Fri Feb 1, 2008 3:30pm EST
(Adds details)

By Daniel Flynn

NOUAKCHOTT, Feb 1 (Reuters) - Gunmen opened fire on Israel's embassy in Mauritania on Friday, wounding three bystanders including a French woman.

The attack followed appeals by political parties for President Sidi Mohamed Ould Cheikh Abdallahi to break off diplomatic relations with Israel to reflect anger in Mauritania over events in Gaza, which is under an Israeli blockade.

Israel's ambassador said no embassy staff were hurt in the shooting in the early hours of Friday, which followed two attacks in late December by suspected al Qaeda militants in the former French colony straddling the western end of the Sahara.

Some witnesses said the attackers, who numbered at least three, shouted "Allahu Akbar" (God is Greatest) as they exchanged fire with guards at the fortified embassy in a tree-lined street of the Mauritanian capital Nouakchott.

Mauritania is one of three Arab countries to have relations with Israel, along with Egypt and Jordan.

"This is very sad. The relation between Israel and Mauritania is a symbol of peace," Israeli Ambassador Boaz Bismuth told Reuters.

He said bullets had hit the embassy building. "A shooting on a foreign embassy is a very serious incident."

Guards outside the embassy exchanged fire for several minutes with the gunmen, who sprayed bullets at a nightclub about 50 metres (yards) away before fleeing into the darkness.

The French woman was hit in a car outside the club, one of few places in Nouakchott to serve alcohol, and was treated in a local hospital before being flown to France.
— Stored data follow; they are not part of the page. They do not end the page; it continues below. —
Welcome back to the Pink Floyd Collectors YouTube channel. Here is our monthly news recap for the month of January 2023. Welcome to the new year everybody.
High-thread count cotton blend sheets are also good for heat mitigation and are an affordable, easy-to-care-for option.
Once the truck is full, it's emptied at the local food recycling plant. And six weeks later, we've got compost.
The club owner and his son, both Mauritanians, were also wounded, the government said in a statement. A French diplomat, who asked not to be identified, said both had dual nationality.

Foreign Minister Mohamed Saleck Ould Mohamed Lemine summoned Ambassador Boaz to express Mauritania's regret over the attack.
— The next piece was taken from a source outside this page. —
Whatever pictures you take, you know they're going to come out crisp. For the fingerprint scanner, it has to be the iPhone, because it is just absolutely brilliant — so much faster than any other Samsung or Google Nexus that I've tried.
Israel radio said a defence official left for Mauritania on Friday to check security measures and Israeli embassies around the world had been placed on alert.



SECURITY FEARS

The attack revived concern over signs of increased Islamic militancy. In late December, suspected Mauritanian members of al Qaeda's North African branch killed four French tourists and several soldiers in two separate attacks.
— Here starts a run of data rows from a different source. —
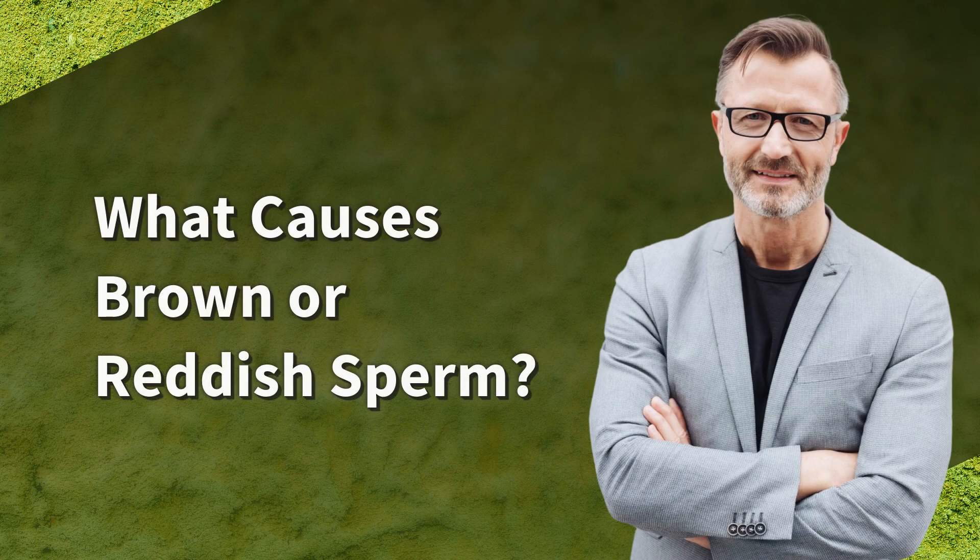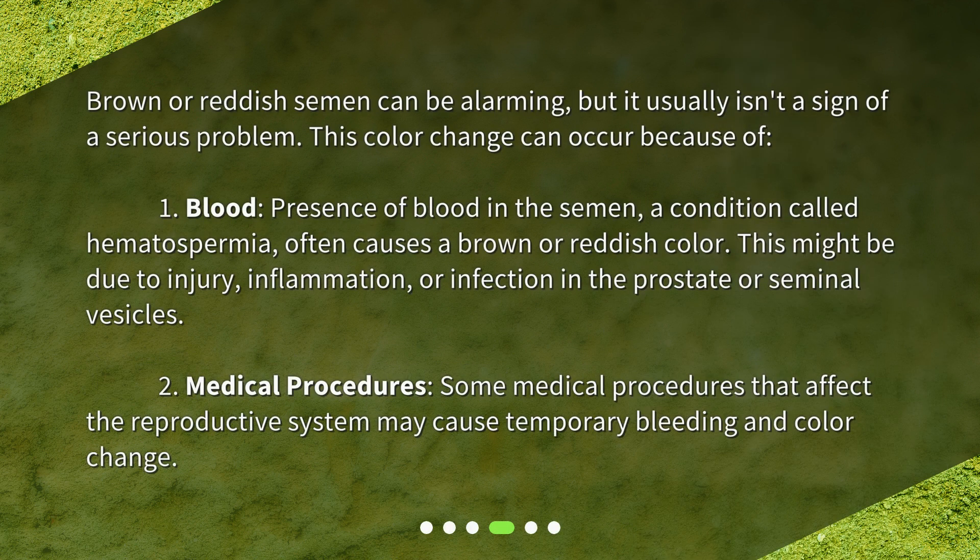What causes brown or reddish sperm? Brown or reddish semen can be alarming, but it usually isn't a sign of a serious problem. This color change can occur because of: 1. Blood — the presence of blood in the semen, a condition called hematospermia, often causes a brown or reddish color. This might be due to injury, inflammation, or infection in the prostate or seminal vesicles.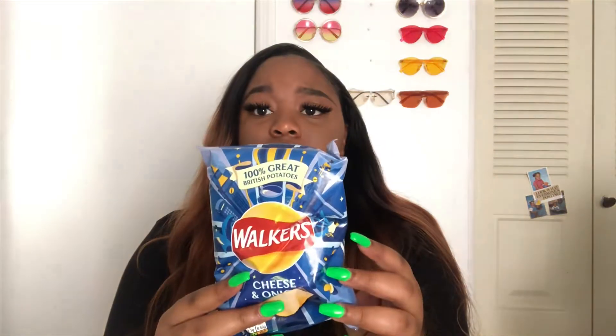Next chips we have the Walkers Cheese and Onion chips. They literally taste like glaze. They taste like Lay's chips and they look like this.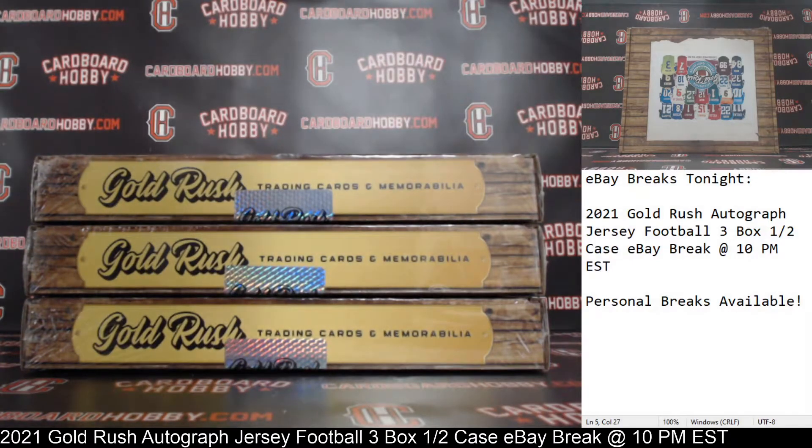This is Dan at Cardboard Hobby. We are cracking 2021 Gold Rush Autographed Jersey Football, a 3-box half-case eBay break. March 22, 2021. I'm going to read off eBay usernames with team names.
Al Qaeda in the Islamic Maghreb, formerly known as the Salafist Group for Preaching and Combat (GSPC) of Algeria, claimed responsibility for the soldiers' killings.

U.S.-based IntelCenter, which monitors Islamist groups' Web messages, says al Qaeda's second-in-command Ayman al-Zawahri called for attacks on Israel's embassy in Mauritania a year ago.

"There are people who don't want an Israeli embassy here, but it's the duty of those people to ask for Israel to leave in a democratic way," said Ahmoud Ould Mahmoud, a local resident.

The 2008 Lisbon-Dakar rally, which was due to pass through Mauritania, was cancelled early in January over security fears following the two December killings. President Abdallahi has denied the existence of a terrorist cell in Mauritania.

Two suspected killers of the French tourists, who also confessed to being al Qaeda members, are being held in Nouakchott after they were extradited from Guinea-Bissau. (Additional reporting by Gabriela Matthews and Ibrahima Sylla in Nouakchott and Daniel Wallis in Addis Ababa; Writing Daniel Flynn and Pascal Fletcher; editing by Alistair Thomson and Robert Woodward)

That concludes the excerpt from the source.